RECENT events in our region have served to puncture the myth of the Muslim ummah. When Raza Rabbani, the PPP senator, suggested we should leave the Organisation of Islamic Cooperation (OIC), he was just stating the obvious.
Far from being part of a vast, united brotherhood, Muslims have proved to be their own worst enemies. Over the centuries, they have spilled each other’s blood with a ferocity unmatched by any of their non-Muslim enemies.
And as the last few years show us, Iraq, Syria, Libya, Afghanistan and Yemen are continuing the murderous pattern established in the Islamic world since several hundred years. Pakistan, too, has contributed its share of killers and victims.
Despite this continuous mayhem in the Islamic world, we remain convinced — blind to the mountain of evidence before us — that Muslims around the world are part of a brotherhood, and that they will come to each other’s help when the need arises.
Tell that to the Palestinians or the Kashmiris of IHK. Both are more isolated than ever as nobody wants to antagonise either Israel or India. The fact is that all nations act in their own self-interest. So when the ruler of the UAE gives Modi his country’s highest civilian award, he is indifferent to the fate of Kashmir. All he wants is better relations with India, the regional giant.
The OIC has emerged as a toothless tiger.
Similarly, sympathy for the Palestinians among Muslims has evaporated over the years. Egypt signed a peace treaty with Israel in the ’70s, and is now actively engaged in imprisoning the people of Gaza by shutting access to the Sinai desert. The Saudis are in de facto alliance with Israel and the United States. Their agenda rests on their visceral hatred for Iran. And if an Indian firm has recently entered into a multi-billion dollar agreement with Aramco, the Saudi oil company, we should not be surprised.
Granted, many of the recent conflicts in the Muslim world have been triggered by Western interventions. But the jihadists who have carried out numerous attacks have all been Muslims, and they have mostly been radicalised by Wahhabism’s interpretation of Islam. In many verified cases, they have been armed and paid by Saudi individuals and organisations.

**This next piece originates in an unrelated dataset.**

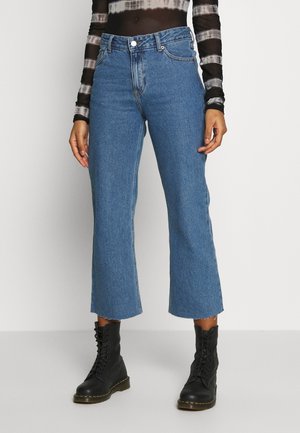 Person trägt hoch taillierte, blaue, kurz geschnittene Jeans mit rohen Säumen, kombiniert mit schwarzen Schnür-Combat-Stiefeln und einem schwarz-weißen Langarmshirt.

Tens of thousands of men, women and children in Yemen have been killed by incompetent Saudi and Emirati pilots, and the poorest country in the region has been reduced to starvation by the Saudi naval blockade. So much for Islamic brotherhood.
Tiny Qatar has been subjected to a pointless boycott; aircraft and ships are forced to take long detours to approach the country, avoiding Saudi and UAE waters and airspace. Its crime? Normal neighbourly relations with Iran, and playing host to Al Jazeera, the international TV channel that has been critical of many Muslim governments.

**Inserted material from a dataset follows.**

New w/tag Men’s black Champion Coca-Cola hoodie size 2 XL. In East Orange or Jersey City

In all these conflicts, the OIC has emerged as a toothless tiger. In conflicts from Kashmir to Kosovo, it has been totally ineffectual. Its role over the brutal Israeli occupation of the West Bank has been especially pathetic. So leaving the organisation, as Raza Rabbani has suggested, would be no great loss.
Given the many conflicts in Islamic history, what is the allure of the ummah and the caliphate? Why do so many Muslims keep harping about these ancient constructs? When Arabs were the only Muslims around, I suppose it made a kind of sense to appeal to tribesmen who shared culture, language and traditions to serve under the flag of a caliph.
However, as the faith spread across much of the world, different Muslim countries evolved along diverse paths. Their identities were shaped by cultures, languages and histories far removed from the Middle East. The thought of Indonesians going to war to defend Iraq, for example, made no sense. And nor were they going to be led by a caliph they played no part in selecting.
The caliphate is another moribund institution that has no role in the modern world. Who will accept a leader other than one with local credentials? After the murderous chief of the militant Islamic State group, Abu Bakr Al-Baghdadi, declared himself caliph, there was no rush to join his cause. True, several thousand Muslims did make the journey to Syria, but once the IS began to crumble, they were disillusioned and are now dead, or in jail.
Ultimately, this craving for the caliphate harks back to a period when Muslims ruled much of the world. There is a notion that once the caliphate is restored and unity among Muslims miraculously forged, they will regain their place in the sun. The ummah thus reborn will defeat the West, and the long decline of the Muslim world will be reversed.
Dream on. It takes more than faith and petrodollars to become a strong, modern nation capable of standing up for itself. Education and hard work are needed, not slogans and empty threats.